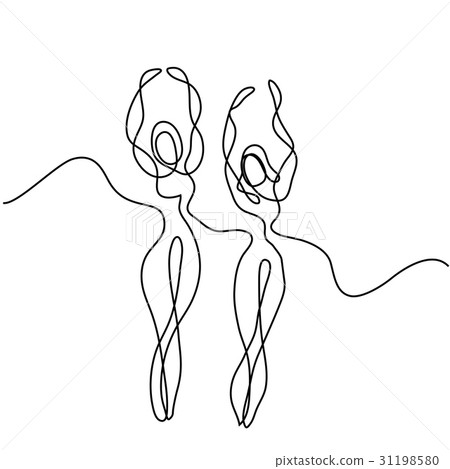 圖庫插圖: continuous line drawing of dancing women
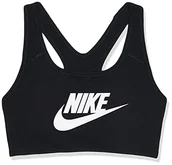 Biustonosze - Nike Swoosh Futura Bra biustonosz sportowy czarny Schwarz (Black/White/010) L - miniaturka - grafika 1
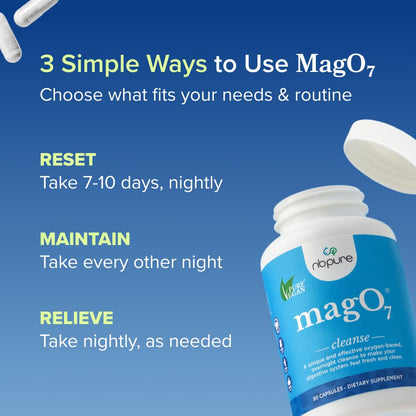 nbpure MagO7 - Natural Colon Cleanse & Detox Powder - Occasional Constipation Relief, Stool Softener, & Bloating Support for Men & Women - Ozonated Magnesium Oxide, 150 Gram - Maple Wellness Supplements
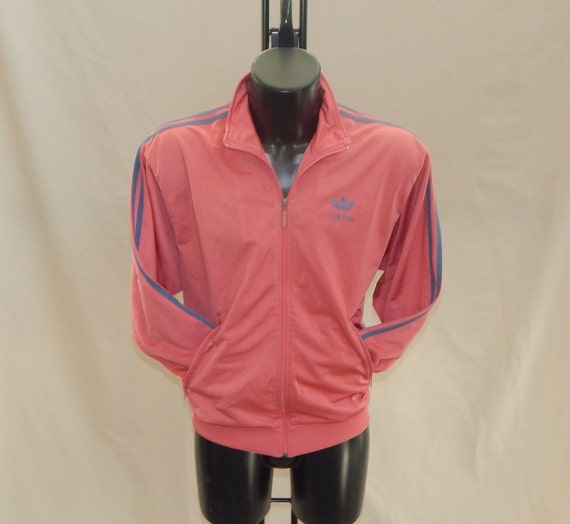 ADIDAS Vintage 80s Adults' Sport Football Tracksuit Top Jacekt . Label Size D 3, GB 34/36 , US S. Pink/ Blue
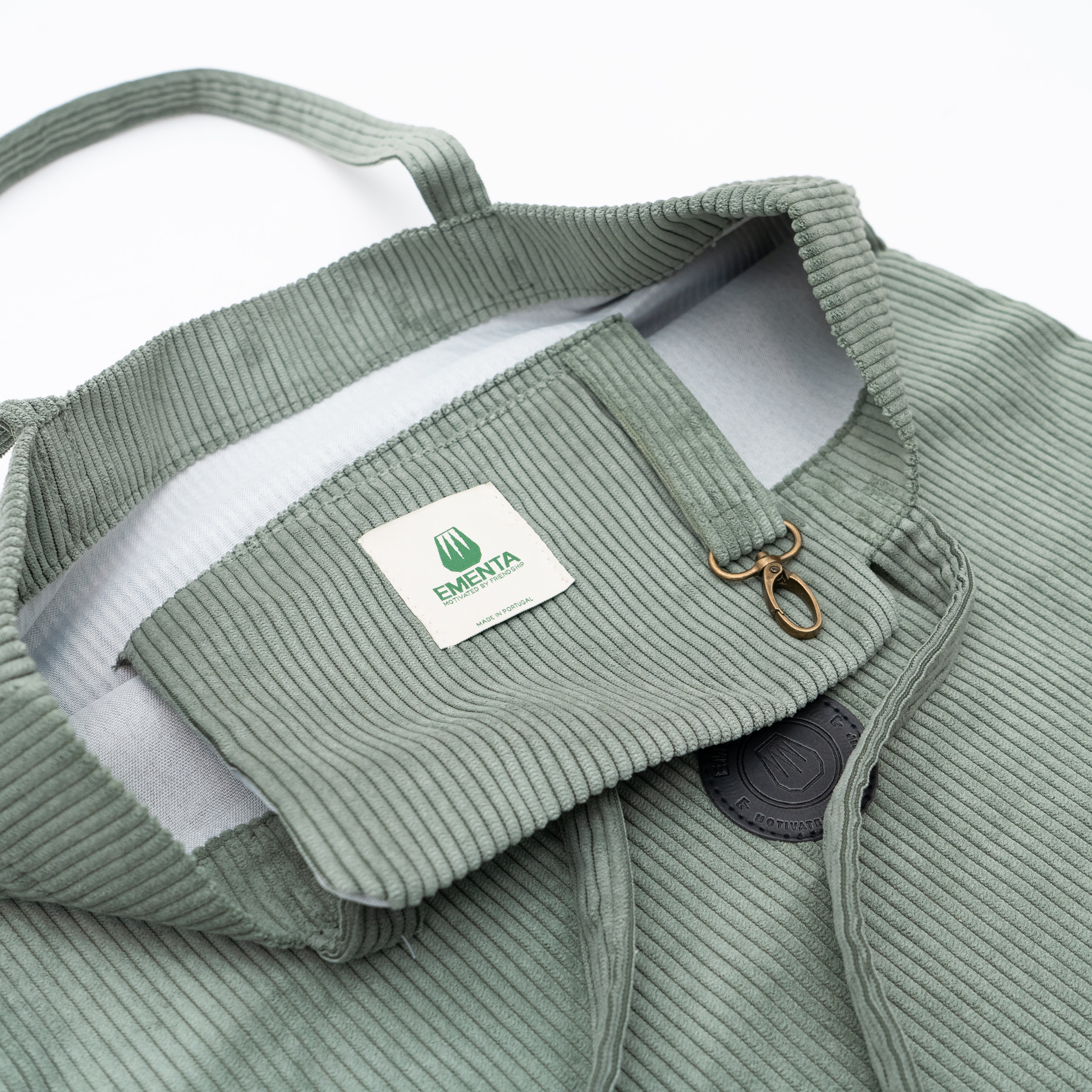 Patch Corduroy Tote Bag Green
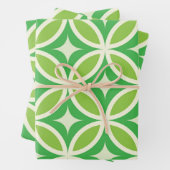 Mid Century Modern Geometrische Lime Groen Patroon Inpakpapier Vel (In situ)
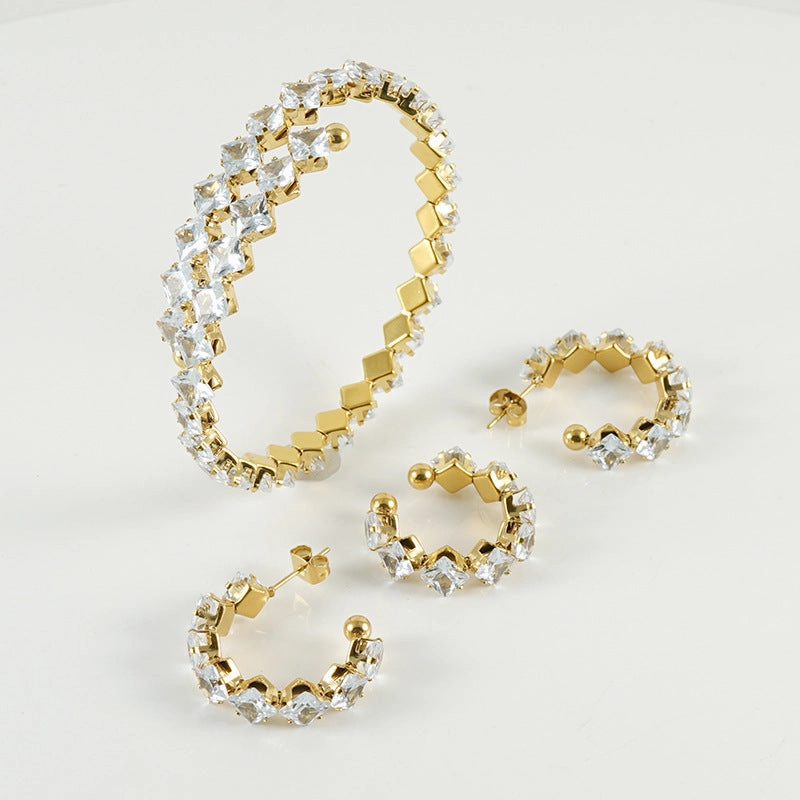 Wholesale Jewelry Gold Plated Stainless Steel Rings Necklace Set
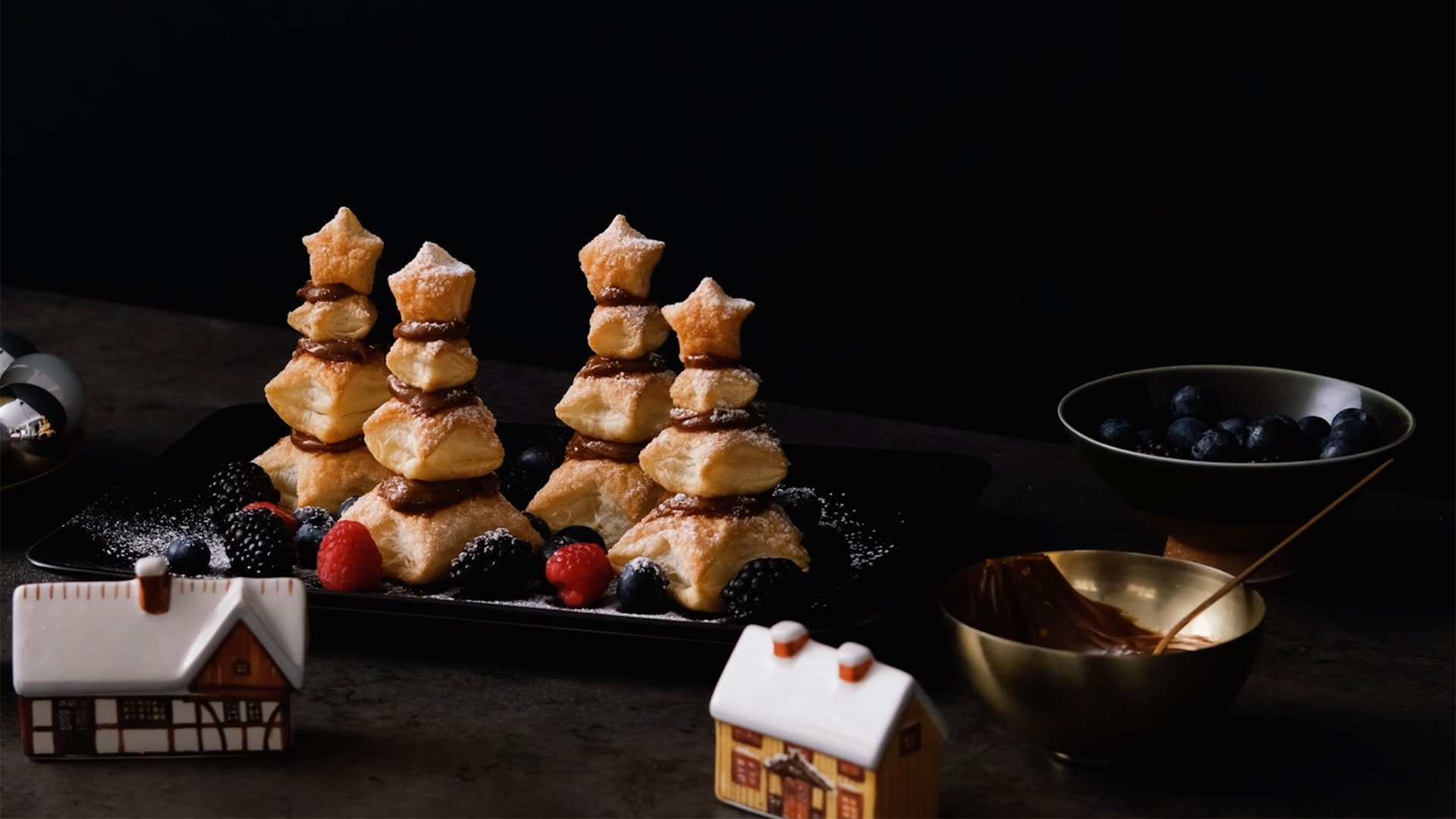 Puff pastry Christmas trees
____
Starting with the line that contains "nbpure MagO7 - Natural", reproduce every line down to the end of the listing above, both endpoints included. Pictures stay out.

 nbpure MagO7 - Natural Colon Cleanse & Detox Powder - Occasional Constipation Relief, Stool Softener, & Bloating Support for Men & Women - Ozonated Magnesium Oxide, 150 Gram - Maple Wellness Supplements
 ADIDAS Vintage 80s Adults' Sport Football Tracksuit Top Jacekt . Label Size D 3, GB 34/36 , US S. Pink/ Blue
 Patch Corduroy Tote Bag Green
 Mid Century Modern Geometrische Lime Groen Patroon Inpakpapier Vel (In situ)
 Wholesale Jewelry Gold Plated Stainless Steel Rings Necklace Set
 Puff pastry Christmas trees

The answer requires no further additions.